Operas tend to be songs of love and death and many operatic composers are interested in women in distress because the high female voice registers extremes of human emotion that no instrument can match. But Puccini's imagination was particularly stimulated by the plight of acutely suffering women; one need only think of Mimi (in "La Boheme"), of Tosca and Butterfly.

In "Turandot," however, the composer set out to do something more ambitious. The type of the long-suffering woman is there in the slave girl, Liu but this heroine is no victim: Turandot is a woman who makes men suffer.But perhaps the most interesting departure is -- despite the title -- that it's not the heroine who is the focus, but the hero, Calaf. Puccini and his librettists put Calaf at the apex of a triangle between Turandot and Liu. Since he is both object (the subject of Liu's love) and subject (to his passion for Turandot), he possesses a prominence achieved by no other hero in the Puccini canon.

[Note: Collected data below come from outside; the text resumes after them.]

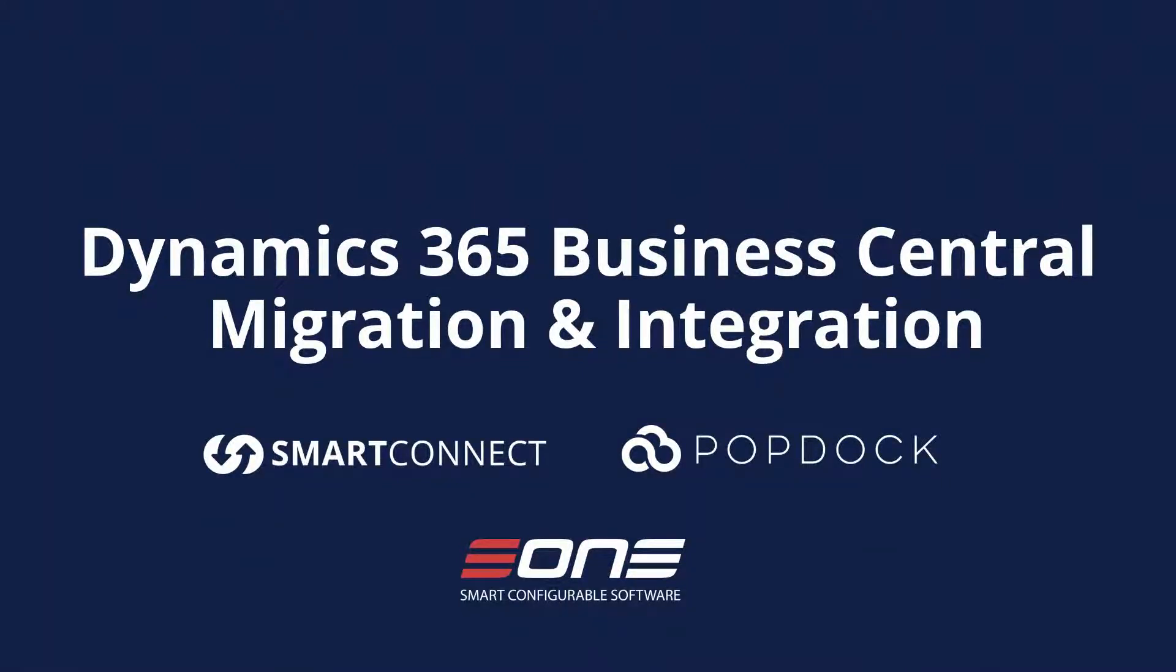Hey everyone, E1 Solutions here and what we're looking at is what to do when your business has decided to take advantage of Microsoft's Dynamics 365 Business Central environment and you're upgrading from either Dynamics Nav or Dynamics GP or another legacy ERP.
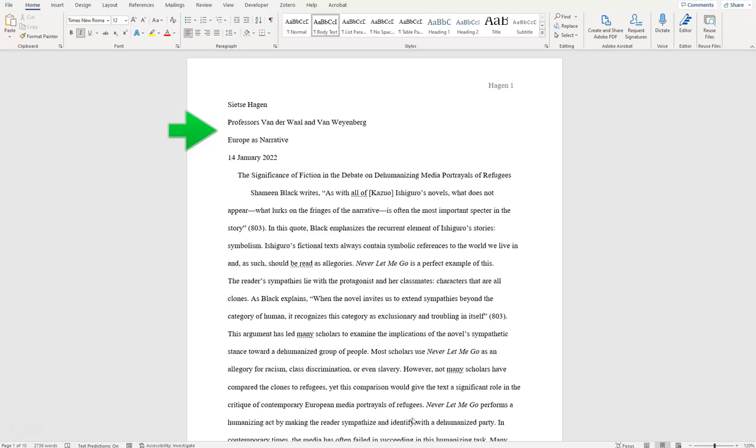Note that this information is flush with the one-inch left margin. Below is the paper's title, centered. Each page has a header in the top right-hand corner called a running head that contains the page number and the student's name.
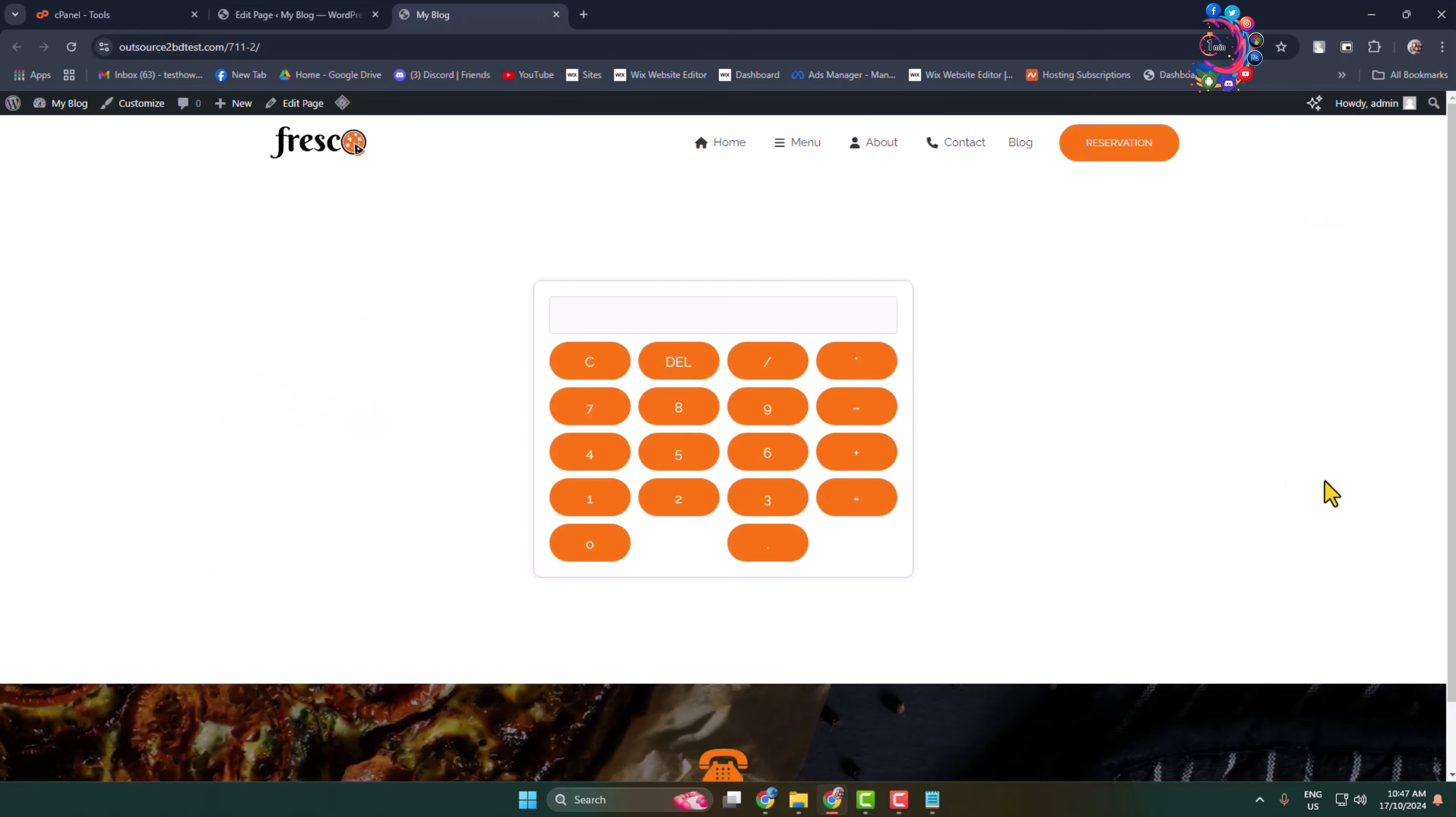Here we can see a very basic calculator successfully added in my WordPress website. Now let's make some calculation, so here I'm adding five plus five, clicking on equal, and here we can see the calculator is working perfectly. By clicking on the C you can remove everything.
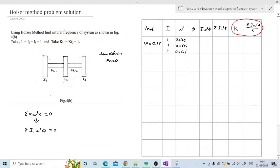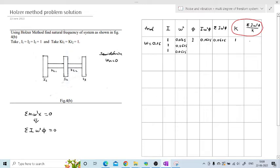The next phi value is calculated as: previous phi minus (summation/k). So phi₂ = 1 − 0.0625 = 0.93. This is the key step — each successive phi equals the phi above it minus the summation/k ratio from that row. The second row I·ω²·φ = 1 × 0.0625 × 0.93 = 0.058.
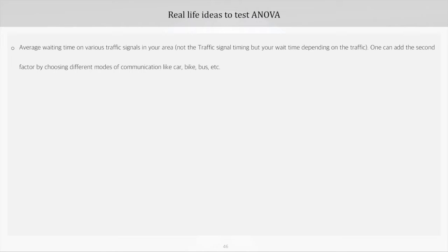For two-way ANOVA, we can add a second factor by choosing different modes of communication, like if you are traveling by car, bike, or any other mode.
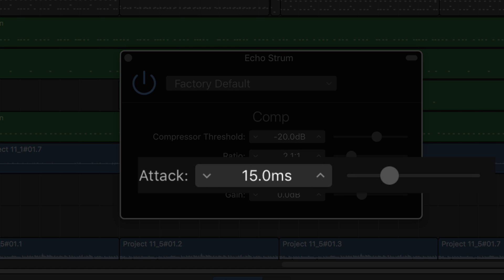The attack governs the speed at which compression kicks in. How much attack you use depends entirely on what it is that you're compressing. Snare drums, kick drums and certain vocals all traditionally have a fast attack setting, whereas pianos, guitars and other instruments — where preserving the dynamic performance and the need to sound natural are important — generally have a slower attack speed.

Much earlier in his career -- in his first great opera, "Manon Lescaut" -- Puccini had depicted the suffering a man might endure because of his love for a woman. But in "Turandot" he seems to go further. One says "seems" because, while "Turandot" is a great work (except for Alfano's finale), it is a limited one. And it is limited because the human inadequacies built into the opera made it impossible for the composer to finish a work that he believed -- quite falsely -- to be about love. For its real subject is obsessive desire, a longing that is an addiction to erotic fantasy.

The prince displays all the signs of such addiction. It is not simply that Calaf falls desperately in love with Turandot at first sight, but that he is willing to sacrifice not merely his life, but also that of his father and Liu, and, if necessary, all the inhabitants of Peking. In the third act, when the chorus pleads with him to leave the city so that the princess will not turn it into a charnel house in order to avoid marriage, he replies (accompanied by Puccini's grandest music), "Useless entreaties! Vain threats! Though the skies fall, I will have Turandot!"

And what of the woman for whom he sacrifices so much (and for whom he is willing to sacrifice much more)? Put simply, she is a version of what the poet John Keats, a century earlier, called "La Belle Dame Sans Merci." She is beautiful and without apparent human feeling, and -- above all -- she is unattainable. Her unattainability has very little to do with her chastity and a great deal to do with her emotional inaccessibility. Bizet's Carmen, who makes herself sexually available to any man she chooses, is another version of the Belle Dame. What drives men crazy for Carmen is that, while she gives them her body, she does not give them her self. When Turandot, over music that heats the blood, sings "No man shall possess me," she is talking about more than sex. She is the opposite of characters such as Butterfly or Liu, who are willing to sacrifice all for love.